Site monitoring at Mount Stromlo

The performance of large ground based optical telescopes greatly suffers from the turbulent atmosphere. However, the problems can be mitigated by using techniques such as adaptive optics. To optimally build and operate adaptive optics systems, as well as understand if they are working as designed, we need to understand the typical atmospheric conditions on the site where the telescope is built. Therefore, Advanced Instrumentation and Technology Centre is conducting a site characterization campaign at Mount Stromlo. 

Objectives

The aim of the project is to produce statistics of how atmosphere behaves above Mount Stromlo. We are interested in the strength of the turbulence, as well its evolution speed and altitude profile. This will help to design the systems that compensate the impacts of the turbulence.

Activities

We have designed a unique modification of an instrument typically used to characterise atmospheric turbulence: SCintillation Detection And Ranging (SCIDAR), which measures light from suitable sets of two stars. The instrument is installed on EOS 1.8 m telescope and operated intermittently during the campaign. In addition, we have started to prototype a SLODAR system that is similar to SCIDAR in many respect, but in principle is better suited to analyse a strong turbulence that is often encountered if the weather is not ideal.

Outcomes

Prototype instruments need to be assembled in laboratory.
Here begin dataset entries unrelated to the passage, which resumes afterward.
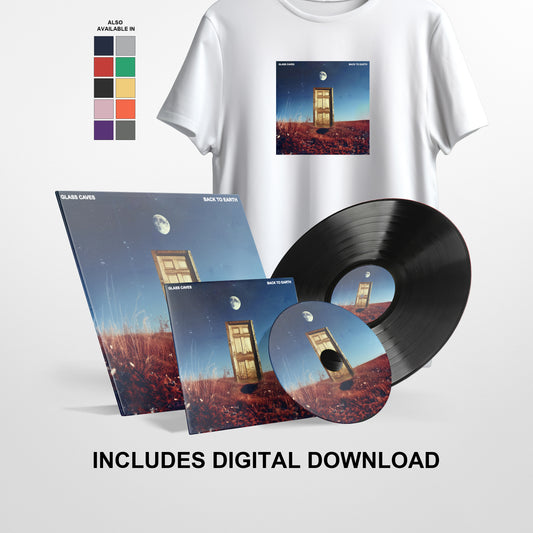 Glass Caves - 'Back To Earth' - Black Vinyl, CD, T-Shirt and Digital Download Bundle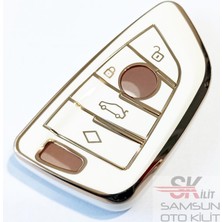 Skilit Samsun Oto Kilit Bmw F G Serisi Fem Silikon Nano Smart Kumanda Kılıfı Beyaz 4 Tuşlu G10 G20 G30 X3 X5 X6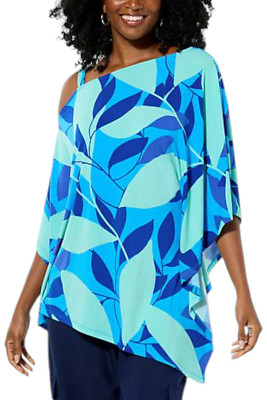 IMAN Global Chic Women's Asymmetric Scarf Top w/ Buckle Blue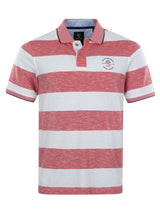 Herren polopiqué riviera polo in rosa und weiß mit kurzen Ärmeln, schwarzem kragen und kleinem logo auf der brust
Commissioned instruments provides a large amount of raw data that needs to be calibrated and analysed. This will give us useful insight for how well Mount Stromlo suits for future the adaptive optics instruments for space-situational awareness and free-space optical communication.

Relevant publications

  • Korkiakoski, Visa, et al. "Site characterisation at Mount Stromlo: the first results." AO4ELT, 2017.

  • Korkiakoski, Visa, et al. "Single detector stereo-SCIDAR for Mount Stromlo: data analysis." Proc. SPIE, 2016. 

  • Grosse, Doris, et al. "Single detector stereo-SCIDAR for Mount Stromlo." Proc. SPIE, 2016.